General Flattening - Field name recommendations
Closed this issue · 4 comments
Review Feedback
MT001: Flattening of nested structures
applies to General Flattening of nested structures
and GeoJSON Encoding Rule for INSPIRE Addresses
Field (property) name recommendation
To promote the greatest level of interoperability in mainstream web and desktop GIS clients, the following items for field names are submitted for consideration:
- Model transformation rule:
- Reserved characters, brackets, and symbols should not be incorporated in field names [1]
- Avoid spaces and certain characters not commonly supported in field names, e.g. hyphens; parentheses; brackets; and symbols such as $, ., %, and #
- Separator
- Recommend using an underscore “_” as separator (essentially, eliminate anything that is not alphanumeric or an underscore)
- Reserved keywords should be avoided [1][2]
- Reserved characters, brackets, and symbols should not be incorporated in field names [1]
- Underscore at beginning of field names should be avoided [1]
- Known usability issue: Character length of resulting property names
- Limit field name to maximum length limits imposed by different databases, (i.e., 30 character limit imposed by Oracle) [3]
- In compound field names, evaluate substituting leading property names using common abbreviation rules or well documented code list; terminal part of the property path would be kept
[1] ArcGIS Field Naming Guidelines https://desktop.arcgis.com/en/arcmap/latest/manage-data/tables/fundamentals-of-adding-and-deleting-fields.htm#GUID-8E190093-8F8F-4132-AF4F-B0C9220F76B3
[2] List of reserved words in Access 2002 and in later versions of Access https://support.microsoft.com/en-us/help/286335/list-of-reserved-words-in-access-2002-and-in-later-versions-of-access
[3] ArcGIS Name Length Guide - Field Column Name https://pro.arcgis.com/en/pro-app/help/data/databases/database-data-and-arcgis.htm
@jsaligoe we had discussed the usage of a dot vs. using an underscore to separate field names, and decided to go with an underscore as the default option for this encoding.

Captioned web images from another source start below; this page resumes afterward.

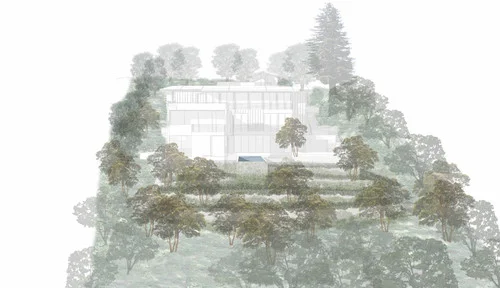 Belvedere Avenue Residence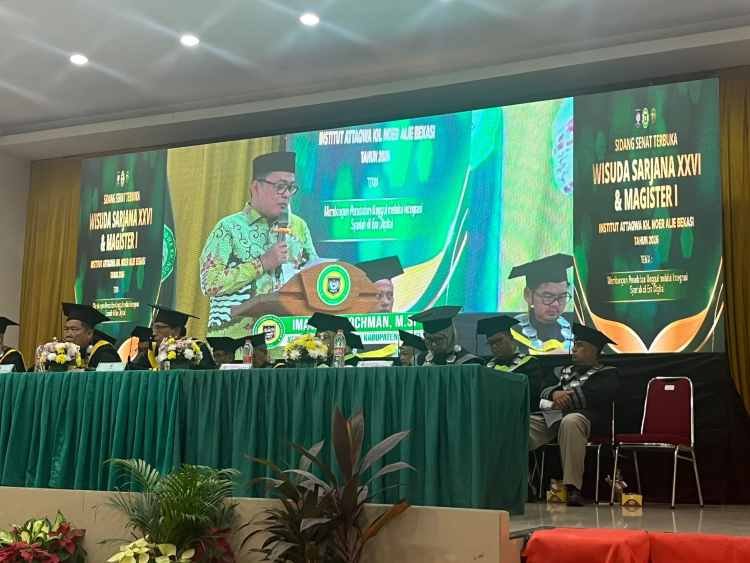 Islamic Centre KH Noer Alie Bekasi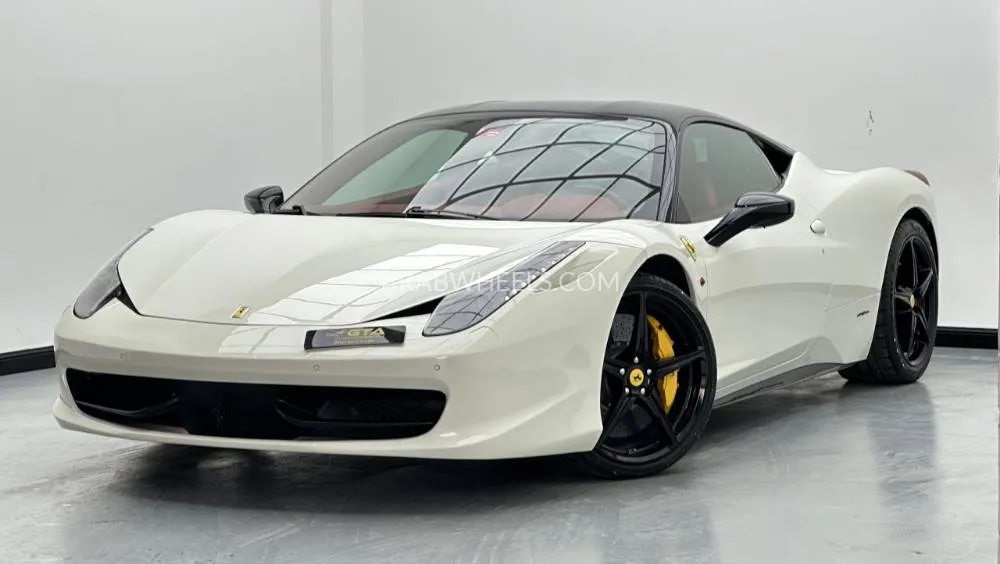 Ferrari 458 2014 for Sale in Dubai Image-11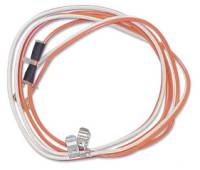 Factory Fit Wiring - Dome Light Harnesses - American Autowire - Dome Light Harness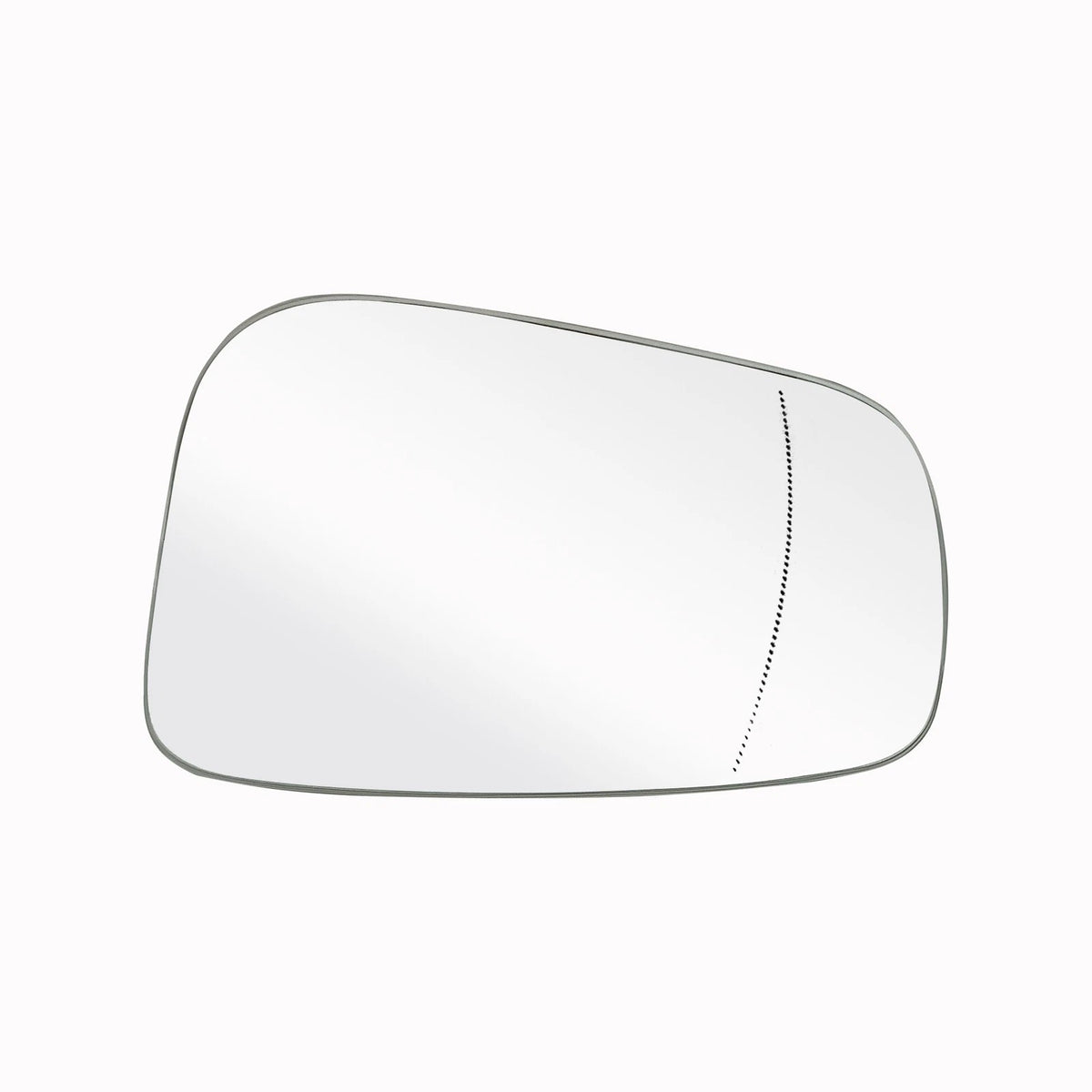 Heated Aspherical Left Wing Mirror Glass for BMW 5 6 7 8 Series (2016–2021)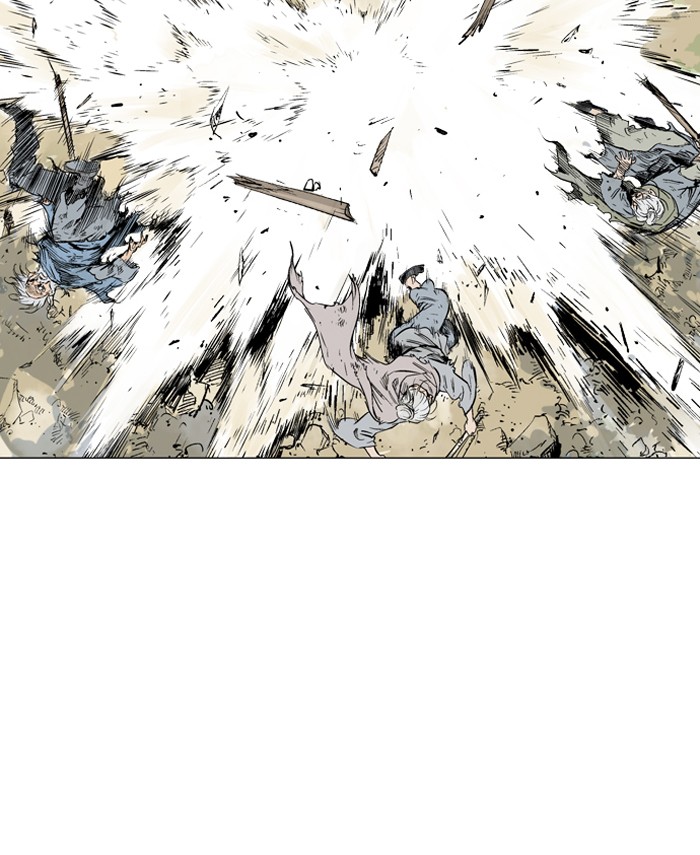 Gosu Chapter 66 page 37 - Chapter 66: Ep. 66 - Wild Dogs (8)
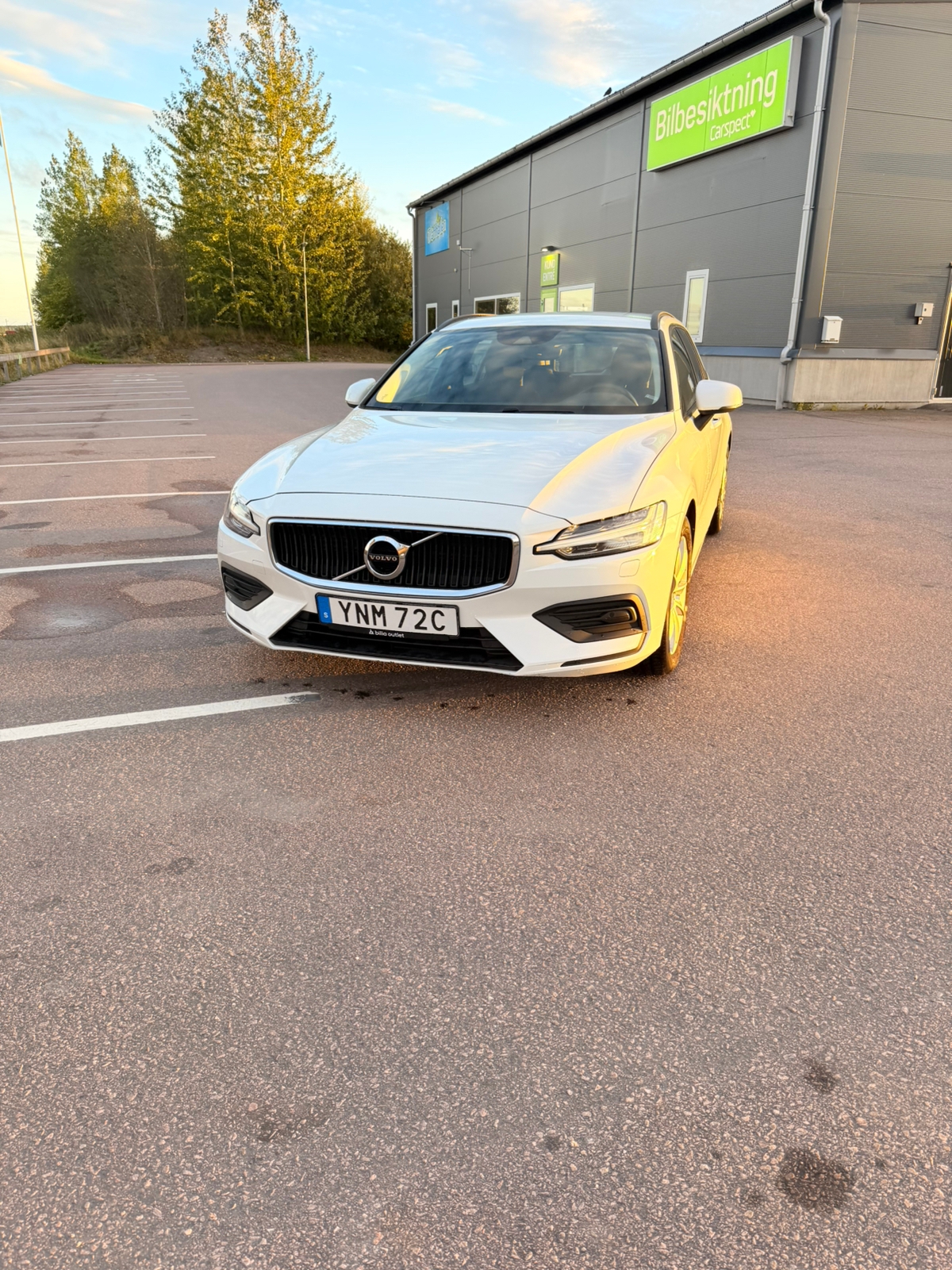 Volvo V60 D3 Geartronic 2020, bild 3/10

The reason is that we wanted to stay in line with JSON Pointer syntax. If the dot is a major problem for ArcMap/AGOL/ArcGIS pro client side processign we should re-evaluate this.
When using an RDBMS such as Oracle, I would not recommend to store fully flattened structures. How to map the conceptual models to effective relational models is the scope of a different project.
We also found issues in other client tools (e.g. pygeoapi) with the dot as separator and would therefore propose to switch to underscores.
OK, I will switch back to underscores then to optimize data usability.
I recommend creating a follow-up ticket for additional rules that model transformation rules focused on shortening field lengths.